Finding cool water on a hot day taught me how to seek the Savior’s refreshment for the thirsty soul.

I grew up on a small farm in southwest Utah. To escape the heat, our family would sometimes drive up a nearby canyon where a creek flowed year round. I can still feel the dry desert air blowing in my face in the backseat of the car. As we entered the canyon, the air became cooler and more fragrant.

My favorite place to go was the Big Spring, the major source of the creek. At the base of an almost vertical canyon wall, a steady stream of clear, cool, sweet water burst from a cleft in a large boulder.

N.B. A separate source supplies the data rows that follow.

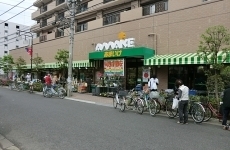 小平市仲町の新築一戸建(スーパーあまいけ小平店)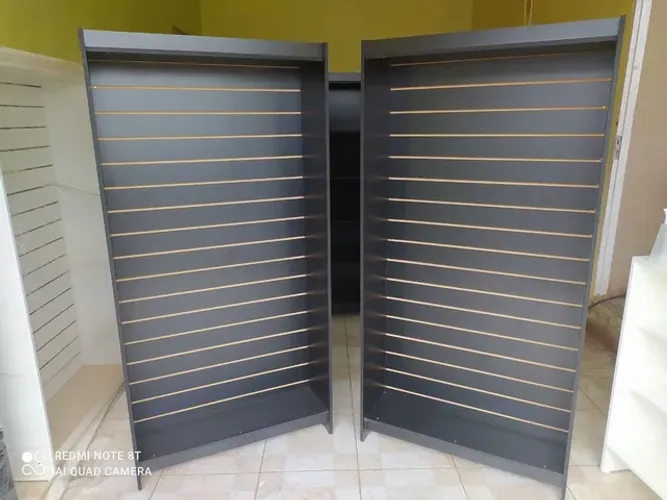 Estante Canaletada preto MDF
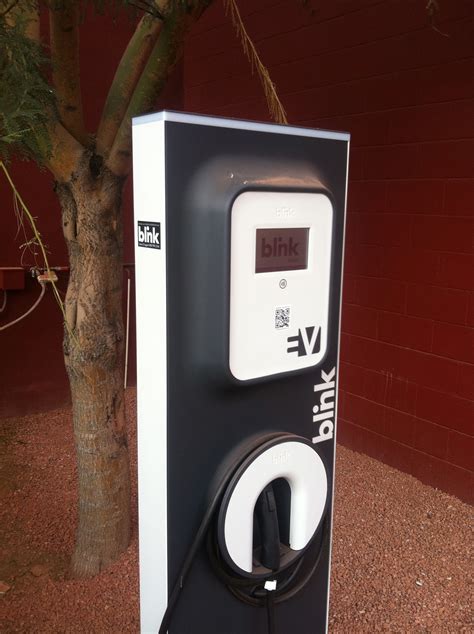Electric-Car Charging Stations Going In? Best Practices Guide Issued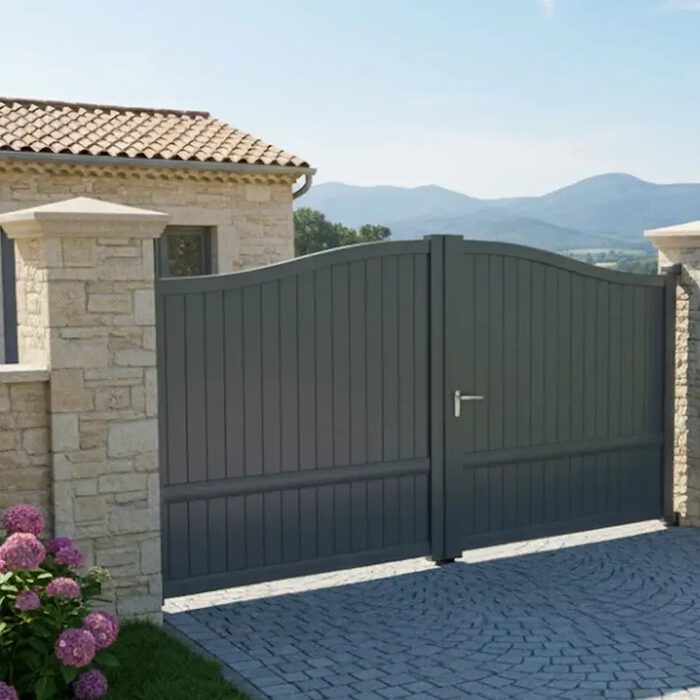 Portail aluminium MARA gris anthracite devant une maison en pierre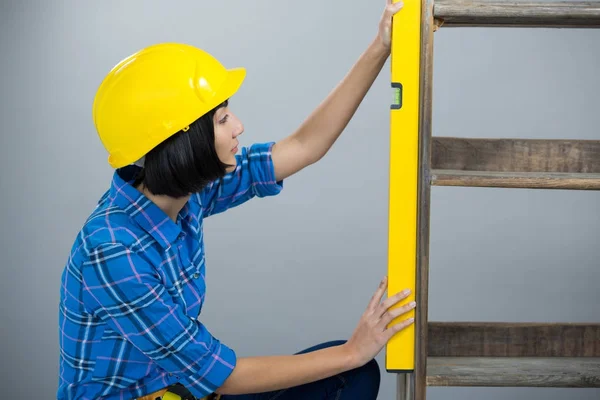 Female architect measuring plywood — Stock Photo, Image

I learned how to get a drink by watching my father kneel on a large, flat rock and scoop water from the spring. He would never drink downstream, where the water had been fouled by surface runoff. Near the source, the water would always be pure and clear.

Sometimes when I’m thinking of Christ, I think of that spring. The Lord declared to Jeremiah that He is “the fountain of living waters” (Jer. 2:13). Through His Atonement and Resurrection, Jesus Christ is the source of eternal life. Anyone who has come to Christ thirsting for divine truth knows the refreshment that comes as His Spirit fills the mind and heart. When we immerse ourselves in the scriptures, the testimony and doctrines of Christ flow into us like living water, refreshing our souls and renewing our strength.

This refreshment is lasting. To the Samaritan woman at Jacob’s well, the Savior promised: “Whosoever drinketh of this water shall thirst again: But whosoever drinketh of the water that I shall give him shall never thirst; but the water that I shall give him shall be in him a well of water springing up into everlasting life” (John 4:13–14).

As a young boy I learned the difference between the common, muddy water that flowed past my home and the pure, clear water from the stream in the canyon. To obtain the pure water, I had to climb to higher ground. I had to walk the narrow path, and I had to kneel. The pure, clear, sweet water came only at the source of the spring, and it was constant.

We can drink of the living water only as we come out of the world, as we walk the strait and narrow path, as we kneel in prayer, and as we immerse ourselves in the scriptures that witness of the living Savior. As we do so, the Lord will fulfill His promise that within us will be “a well of water springing up into everlasting life.”